6.3 Influence on the Genre
While Battlezone 98 Redux did not spark a new wave of retro RTS remasters, it did prove that relocation and basic re‑engineering of a classic engine could be effected with analog UI hugging a 2010s polish. Indirectly, its modular use of the OGRE engine and a champion of mod support paved the way for subsequent small studios to pick up older franchises and build modding communities.
6.4 Evolution of the Bardock Legacy
Post-Redux, Battlezone 2 (2024) and Battlezone: Combat Commander – Remastered dropped notable improvements: improved AI, a full cross‑play system, and a modernized campaign narrative. In that context, the 2016 edition often reads like a bridge that failed to solidify a flagship franchise.
7. Conclusion
Battlezone 98 Redux: Odyssey Edition is a respectable, if not spectacular, homage to a forgotten RTS staple. It delivers:
- Remastered visuals that lighten and clarify an otherwise dated 1998 engine.

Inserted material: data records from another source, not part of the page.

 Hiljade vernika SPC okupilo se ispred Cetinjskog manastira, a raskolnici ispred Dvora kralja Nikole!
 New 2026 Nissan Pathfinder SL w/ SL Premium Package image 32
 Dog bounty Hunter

- Expanded content via The Red Odyssey, with extra factions, vehicles, and missions.
- Portability across Windows, macOS, iOS – making it a widely playable nostalgic experience.
What it struggles to achieve:
- Innovative gameplay – the core loops feel dated and can overtax new players.

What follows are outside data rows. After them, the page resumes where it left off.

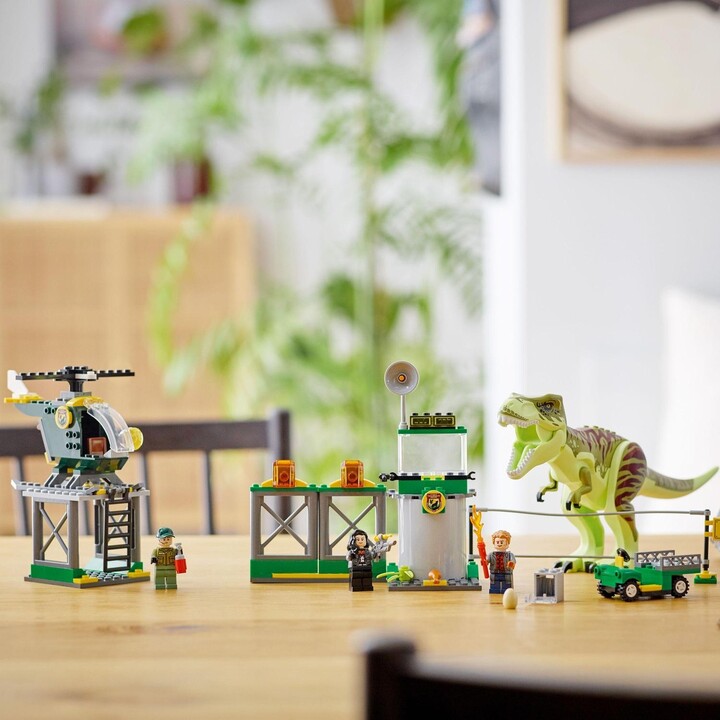 Set lodër LEGO® Jurassic World ™ 76944 T-rex Escape, 140 pjesë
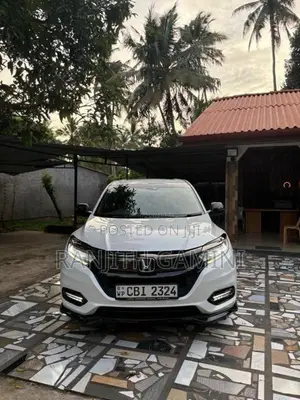 Honda Vezel Sensing 2019 SUV (Used)
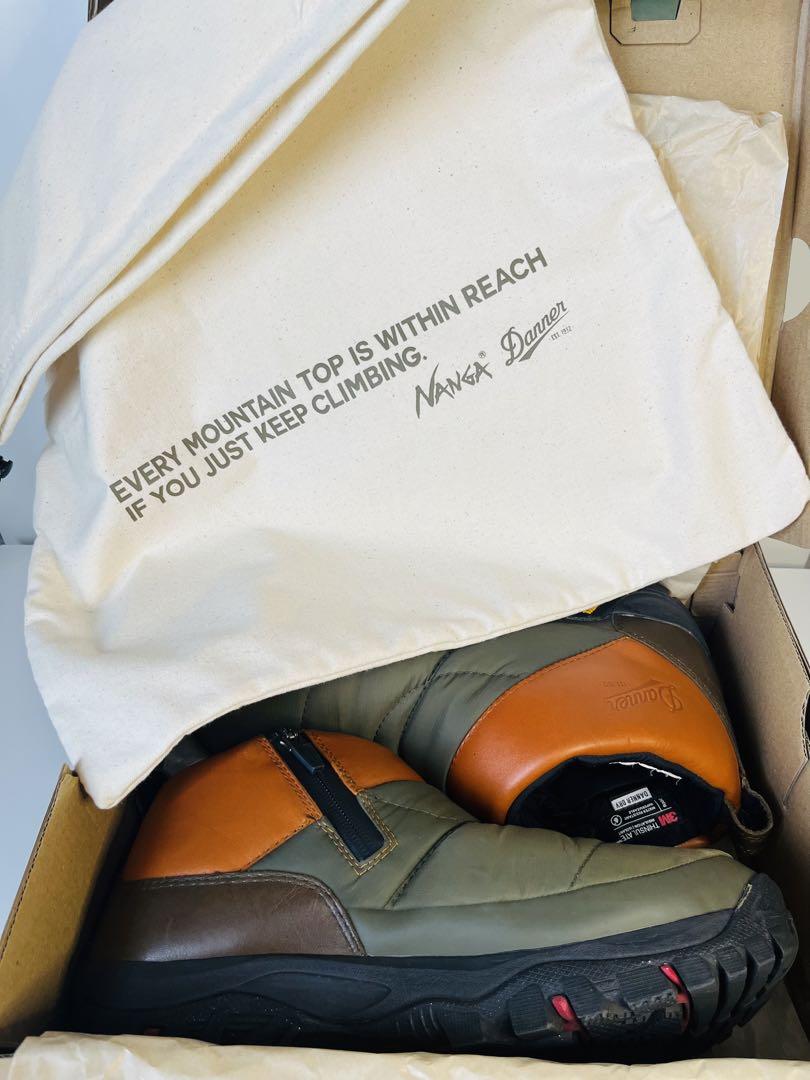 × DANNER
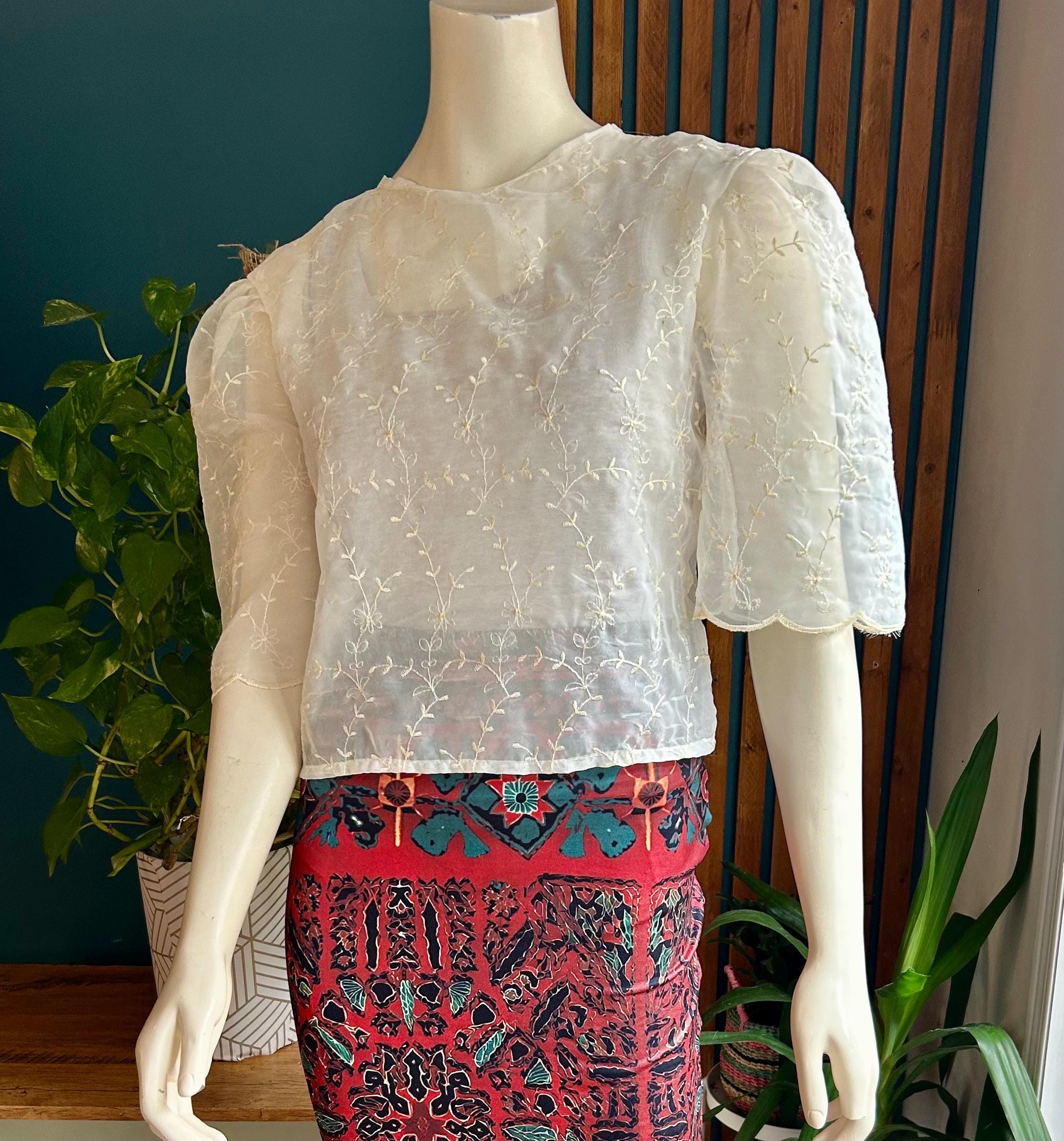 Traditional filipino costume España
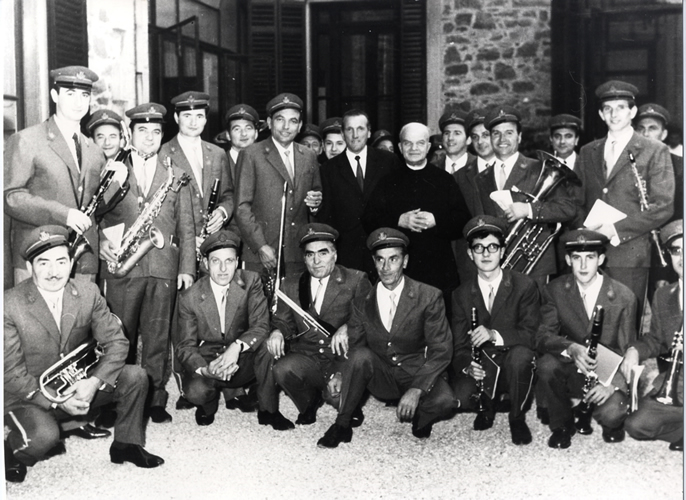 Galbiate - ritratto di gruppo - corpo musicale galbiatese negli anni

- Polish – technical glitches, audio inconsistencies, and a fragmented multiplayer ecosystem hinder immersion.
- Narrative depth – the story stays rugged and linear; thematic ties are poorly explored.
In the canon of Battlezone, the Odyssey Edition stands as a commemoration that missed its mark. For ardent fans, it remains a valuable artifact – a faithful door into a 90s era of RTS. For the broader audience, especially in the modern war‑strategy scene, it lags behind more refined contemporaries.
Verdict: A niche relic worth experiencing if you appreciate retro RTS history, but unlikely to upset the balance of the genre’s modern standards.